**WHAT NEEDS TO BE DONE**. Only lines with the string "Image" are wanted. Pull them out of the data.
· · · ·
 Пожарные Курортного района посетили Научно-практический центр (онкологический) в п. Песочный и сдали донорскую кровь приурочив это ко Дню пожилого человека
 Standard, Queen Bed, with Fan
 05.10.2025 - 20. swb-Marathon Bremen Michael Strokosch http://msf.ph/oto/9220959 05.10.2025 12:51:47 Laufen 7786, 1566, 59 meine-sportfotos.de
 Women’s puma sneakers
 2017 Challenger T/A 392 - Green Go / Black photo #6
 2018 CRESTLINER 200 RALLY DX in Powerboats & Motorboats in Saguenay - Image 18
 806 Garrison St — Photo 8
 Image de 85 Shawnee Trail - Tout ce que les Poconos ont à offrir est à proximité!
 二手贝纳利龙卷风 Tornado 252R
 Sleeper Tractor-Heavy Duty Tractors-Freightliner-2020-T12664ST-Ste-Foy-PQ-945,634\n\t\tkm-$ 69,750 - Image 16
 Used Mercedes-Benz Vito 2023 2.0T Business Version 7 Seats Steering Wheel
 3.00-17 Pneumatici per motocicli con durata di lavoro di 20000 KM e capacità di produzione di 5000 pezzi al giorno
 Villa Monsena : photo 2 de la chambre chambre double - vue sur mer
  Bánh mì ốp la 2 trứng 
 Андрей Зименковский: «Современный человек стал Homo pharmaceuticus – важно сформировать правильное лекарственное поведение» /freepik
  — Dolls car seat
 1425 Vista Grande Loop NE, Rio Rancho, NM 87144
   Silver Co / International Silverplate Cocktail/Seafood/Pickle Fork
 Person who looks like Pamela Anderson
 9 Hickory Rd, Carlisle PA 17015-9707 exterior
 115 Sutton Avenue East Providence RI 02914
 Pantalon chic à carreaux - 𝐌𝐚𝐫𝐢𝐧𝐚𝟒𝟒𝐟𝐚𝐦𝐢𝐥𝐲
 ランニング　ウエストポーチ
· · · ·
**SOLUTION TO THE EXERCISE**.
 2018 CRESTLINER 200 RALLY DX in Powerboats & Motorboats in Saguenay - Image 18
 Image de 85 Shawnee Trail - Tout ce que les Poconos ont à offrir est à proximité!
 Sleeper Tractor-Heavy Duty Tractors-Freightliner-2020-T12664ST-Ste-Foy-PQ-945,634\n\t\tkm-$ 69,750 - Image 16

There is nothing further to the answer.